17. The “top-down approach” is embodied in Article 2.1.3, which generally gives priority to apply the IIR to the Parent Entities at the top of the ownership chain. The mechanics of this provision limit the application of Article 2.1.2 to prevent instances of double taxation that would be caused by multiple Parent Entities applying the IIR with respect to the same Ownership Interest in the LTCE.

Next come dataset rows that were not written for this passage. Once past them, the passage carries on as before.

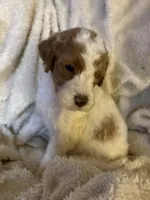 Whisper, a female Goldendoodle for sale in Holly Springs, NC – 3 of 5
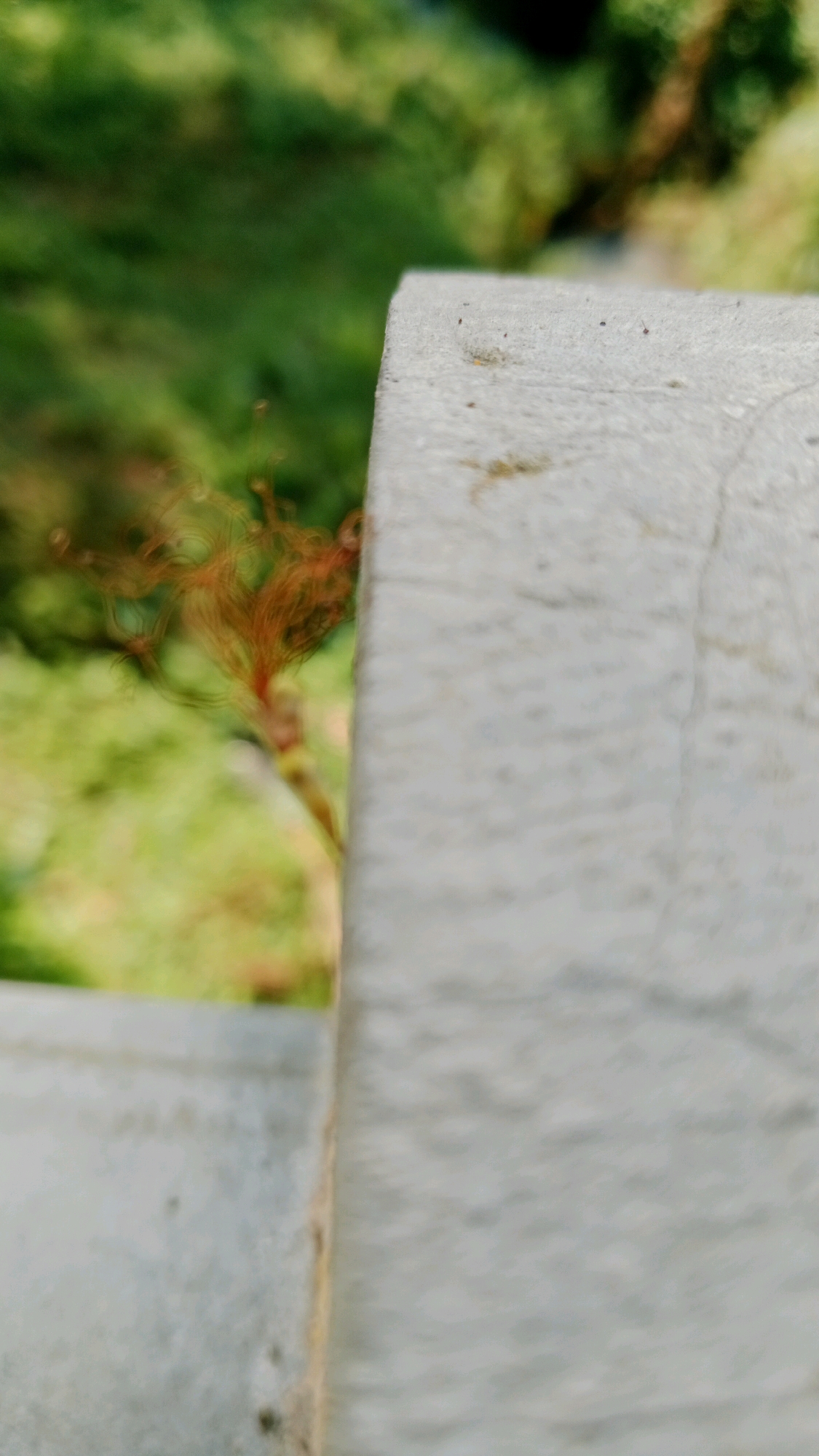 A close-up, shallow depth of field photograph shows a blurred natural environment in the background, characterized by green foliage. In the foreground, the textured surface of a light gray, concrete structure occupies the right and bottom portions of the frame. A few dark specks, possibly dirt or small insects, are visible on the concrete surface. To the left of the concrete structure, a cluster of thin, reddish-brown, hair-like organic matter is blurred and indistinct. The image does not provide enough detail to determine the specific location within Balegondo, Indonesia.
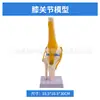Simulación de Enseñanza Esqueleto Humano de Articulaciones Codo Muñeca Tobillo Hueso Hombro Rodilla Cadera Ligamento Ortopédico Modelo Médico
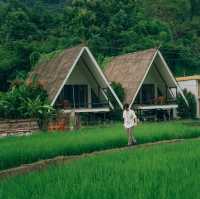 รีสอร์ทท่ามกลางทุ่งนาสีเขียว บรรยากาศดีสุดๆ 🍃🌾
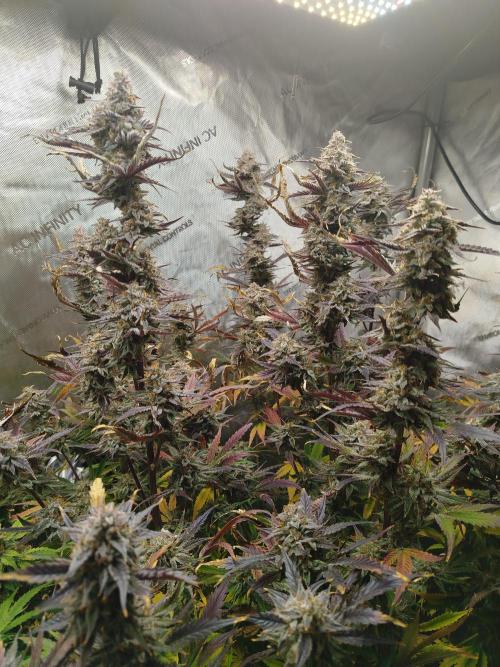 Creme-Tasmo/ Kiwi x NCH/ IcednBaked. Week 12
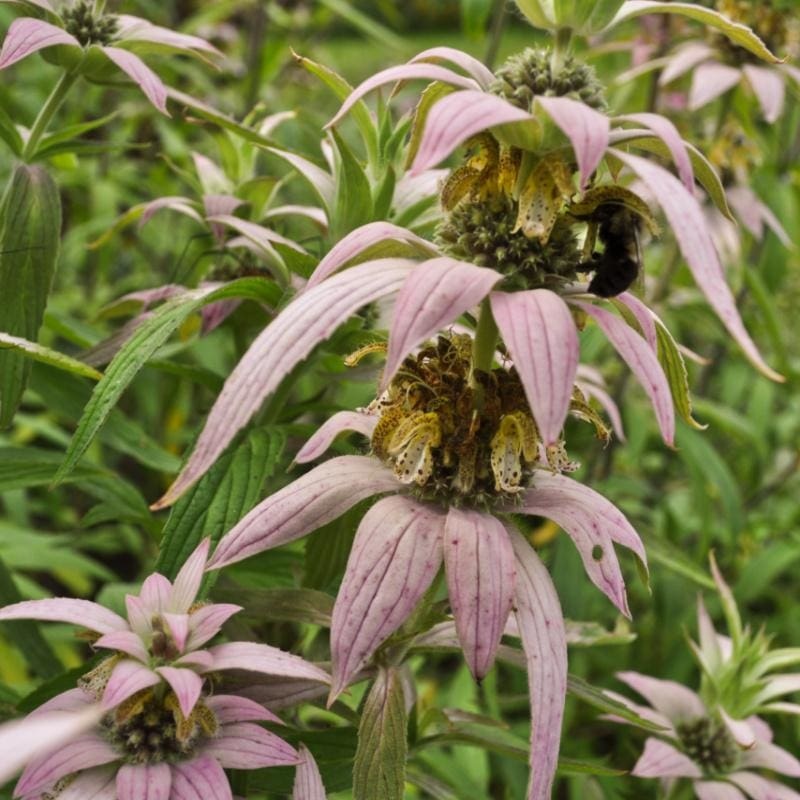 Spotted Bee Balm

18. Article 2.1.3 (a) deactivates Article 2.1.2 and prevents the application of the IIR at the Intermediate Parent Entity level when the UPE is required to apply a Qualified IIR for the Fiscal Year. The phrase “required to apply a Qualified IIR” ensures that the exclusion in Article 2.1.3(a) only operates where the domestic tax legislation of the UPE jurisdiction requires the UPE to apply a Qualified IIR. Article 2.1.3(a) would not apply, for example, where the UPE jurisdiction has introduced a Qualified IIR but it is still not in force or the UPE is an Excluded Entity that is outside the scope of such rules.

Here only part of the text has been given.